The 26B MoE consumes even less system resources and will serve as your coding assistant. But the E2B and E4B models are more interesting. These can run on relatively low-powered smartphones or laptops to enable PDF summaries, chatting to understand local storage, or other light tasks you would have done for cloud LLMs not long ago.
Downloadable and usable with your choice of LLM server
You can run Gemma 4 on your phone via the Google AI Edge Gallery appor on PC with Be, vllm, call.cpp, LM Studioor any other LLM server of your choice. That means you can easily choose the LLM model that suits your device while still giving you enough resources for a decent context window and other important settings.
Gemma 4 is the perfect on-premise solution for older hardware
Maybe you already have what you need
Gemma 4 doesn’t need high-end GPUs that cost five figures. You can run it on them, sure, but they’re not strictly necessary unless you want to run the Model 31B with FP16 accuracy.

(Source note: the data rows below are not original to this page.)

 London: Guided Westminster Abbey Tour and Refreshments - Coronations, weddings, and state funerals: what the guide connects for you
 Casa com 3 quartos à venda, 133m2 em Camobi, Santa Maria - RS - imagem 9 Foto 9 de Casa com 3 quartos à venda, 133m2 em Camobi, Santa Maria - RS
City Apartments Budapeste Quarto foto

The 26B MoE model, with a little quantization, works very well on RTX 5090 or RX 7900 XTX; with CPU offloading, you can run it on 16GB VRAM. This is because only a few billion parameters are used at any given time, so offloading does not cause as much of a performance hit as it does with other types of models.
Apple Silicon can run E4B with 8GB of RAM, or 26B MoE with 16GB (although it’s more comfortable with 32GB), and 64GB of RAM will happily run the 31B Dense model. It won’t run as fast as a dedicated GPU, but this underscores the benefits of unified memory architectures like Apple Silicon, AMD’s Strix Halo, and Nvidia’s DGX Spark.

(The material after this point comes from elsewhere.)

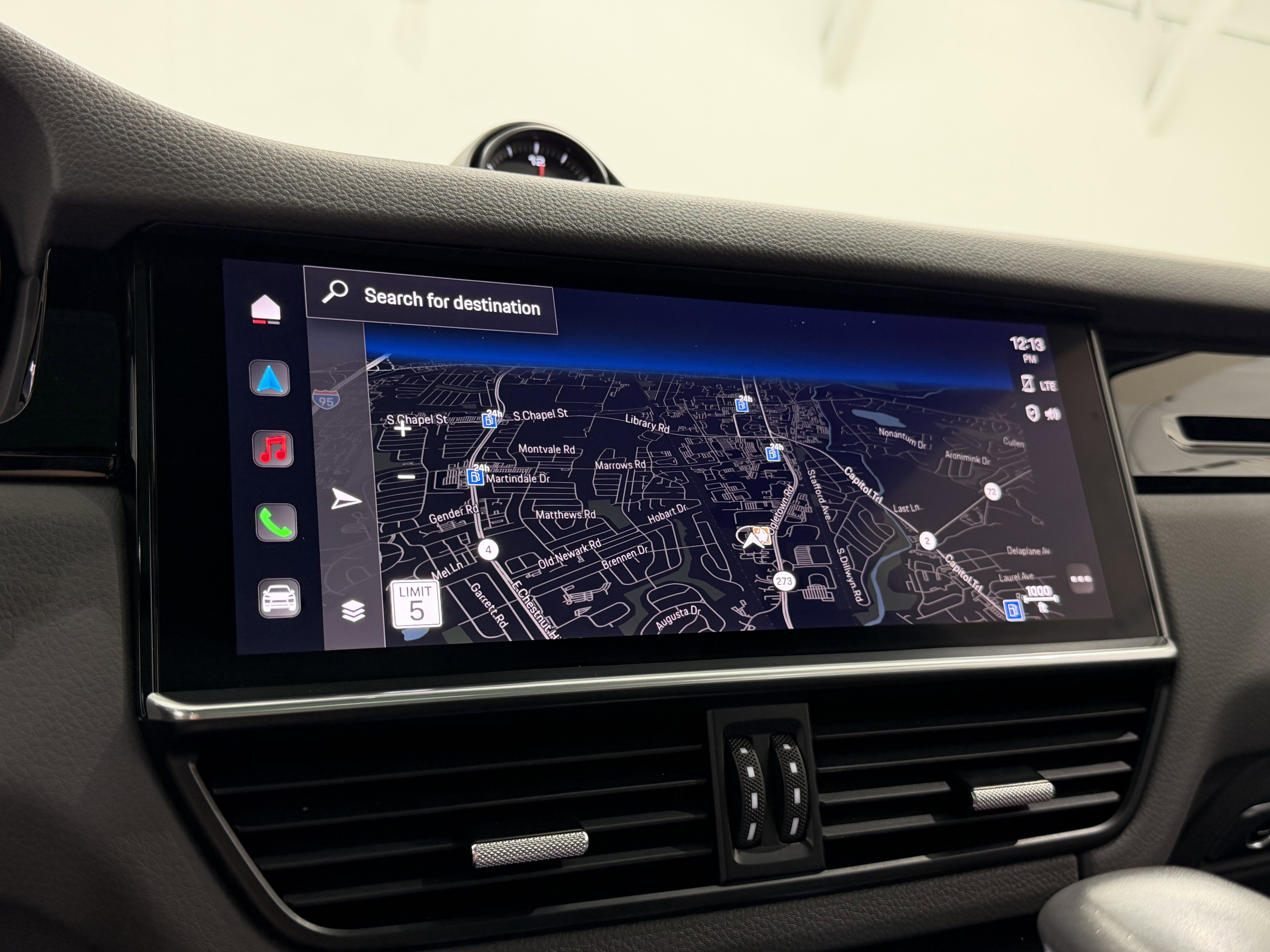 2023 Porsche Cayenne Base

The only thing to remember is that you will also need enough system RAM, because token generation speed requires more than just VRAM. 24GB is a good start if you have it, and anything more is a plus.
You don’t even need to stress your hardware
If you are using Gemma 4 31B up to Google AI StudyThe API for Gemma 4 gives you 1500 free requests per day as long as you stay below 15 requests per minute. There is no limit to the number of tokens you can use, so you can go crazy with whatever you want to build with the Gemma 4 model.
We don’t know how long it will last, as all other Google AI APIs have switched to token billing, but it’s worth using it while you can. That’s the full model, which would typically need a $10,000 GPU to run locally.
Even the smallest models can increase productivity
Once you stop treating them like a chatbot
Gemma’s smallest model, E2BIt was designed for laptop or mobile phone use. It’s small, uses around 5GB of RAM in total, and can happily run on your CPU rather than a GPU. That gives you a 128K context window and still has functional tool calls, thinking modes, and system prompt support to make your LLM feel like it’s yours.
That’s a good size for use in Home Assistantto create automations, troubleshoot, and other general tasks. It’s probably enough to run it as your local voice assistant too, and that means it won’t send data to Google, Amazon or Apple in the process.
we have tested E2B beforeand while it did the job, it has some quirks. Some of them may be because it is running through LM Studio, i.e. YMMV, but sometimes it ignores prompts telling it not to show thought or to exchange temperature symbols. Still, these are minor issues when it still does what is asked of it, and on a 2B model at that.
You don’t need powerful hardware to run local LLMs like Gemma 4
With the release of Gemma 4, Google made it possible to run capable LLMs with very modest hardware requirements. This is a great advance, since although the four models are designed for different uses, they all share the same training data and underlying characteristics. It also means you can run AI tasks privately, without transferring data from your device and with more modest power requirements as they only run when you request them.